- Abbreviation: SIG;
- Leader: Patricia White
- Founder: Greg Watson
- Headquarters: Vincentia, New South Wales, Australia
- Ideology: Localism Conservative
- Political position: Right-wing
- Slogan: "Community Honesty Experience Integrity"
- Shoalhaven City Council: 4 / 13

= Shoalhaven Independents Group =

The Shoalhaven Independents Group (SIG), also known simply as the Shoalhaven Independents, is an Australian political party that contests local government elections for Shoalhaven City Council in New South Wales. The party is registered with the New South Wales Electoral Commission (NSWEC).

==History==
Shoalhaven Independents has existed since at least 2004, and has been led by Greg Watson − who was elected mayor in 1999 − for most of that time. The party won a majority at the 2004 local elections, with Watson re-elected mayor and six SIG candidates elected as councillors. He was defeated in 2008 by Paul Green, and unsuccessfully contested the 2012 and 2016 elections as well.

At the 2021 local elections, SIG won the largest number of councillors − 4 out of 12 − but fell short of winning a plurality as incumbent Greens mayor Amanda Findley was re-elected. The party had endorsed three candidates for the mayoral election, including former Team Gash councillor Patricia White.

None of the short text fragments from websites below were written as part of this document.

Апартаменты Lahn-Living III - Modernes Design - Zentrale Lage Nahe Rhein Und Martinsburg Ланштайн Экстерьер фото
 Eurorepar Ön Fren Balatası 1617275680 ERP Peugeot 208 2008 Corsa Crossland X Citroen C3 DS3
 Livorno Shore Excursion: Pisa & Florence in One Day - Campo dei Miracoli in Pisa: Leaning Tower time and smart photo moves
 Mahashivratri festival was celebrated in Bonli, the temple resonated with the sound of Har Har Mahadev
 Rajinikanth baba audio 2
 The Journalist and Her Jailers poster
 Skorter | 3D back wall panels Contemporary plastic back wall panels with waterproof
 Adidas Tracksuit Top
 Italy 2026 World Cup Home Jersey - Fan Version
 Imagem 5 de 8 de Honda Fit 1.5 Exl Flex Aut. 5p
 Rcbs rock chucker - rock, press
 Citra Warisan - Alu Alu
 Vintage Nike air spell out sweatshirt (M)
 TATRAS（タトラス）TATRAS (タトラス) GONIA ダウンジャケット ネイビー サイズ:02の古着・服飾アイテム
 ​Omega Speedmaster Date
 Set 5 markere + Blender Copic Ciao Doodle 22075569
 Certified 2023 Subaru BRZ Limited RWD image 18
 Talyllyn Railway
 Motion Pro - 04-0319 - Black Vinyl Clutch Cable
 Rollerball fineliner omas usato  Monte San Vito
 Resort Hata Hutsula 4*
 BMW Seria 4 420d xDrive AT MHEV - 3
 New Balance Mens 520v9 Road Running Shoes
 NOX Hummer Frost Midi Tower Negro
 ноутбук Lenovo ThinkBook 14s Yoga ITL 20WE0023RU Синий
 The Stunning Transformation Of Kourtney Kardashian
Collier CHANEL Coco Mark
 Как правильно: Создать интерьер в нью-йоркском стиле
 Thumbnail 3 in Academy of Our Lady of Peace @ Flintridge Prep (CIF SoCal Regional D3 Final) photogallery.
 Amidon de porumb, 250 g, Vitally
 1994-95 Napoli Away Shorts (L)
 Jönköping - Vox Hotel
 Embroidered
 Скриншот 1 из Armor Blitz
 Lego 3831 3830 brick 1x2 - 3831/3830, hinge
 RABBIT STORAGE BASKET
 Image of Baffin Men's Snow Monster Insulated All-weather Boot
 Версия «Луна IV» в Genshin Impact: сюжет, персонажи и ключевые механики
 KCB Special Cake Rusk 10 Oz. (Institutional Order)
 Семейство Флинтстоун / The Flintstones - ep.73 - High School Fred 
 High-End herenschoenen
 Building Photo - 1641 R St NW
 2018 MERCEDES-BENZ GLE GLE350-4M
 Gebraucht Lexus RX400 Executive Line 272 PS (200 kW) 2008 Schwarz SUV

Watson retired at the 2024 local elections after 50 years as a councillor, with White taking over as SIG leader. The party pledged to re-introduce Australia Day Awards and citizenship ceremonies on 26 January if elected to a majority.

==Controversies==
===Donations===
Following the 2004 election, The Sydney Morning Herald reported that SIG's victory was "helped by thousands of dollars of developers' money that paid for a television, radio and print election campaign" larger than that of any other candidate. The donations to SIG for the 2004 election totalled $91,017.

In 2008, it was found that SIG's funding declaration failed to disclose four years' worth of political donations, including Watson's unsuccessful campaign for the electorate of South Coast at the 2003 state election.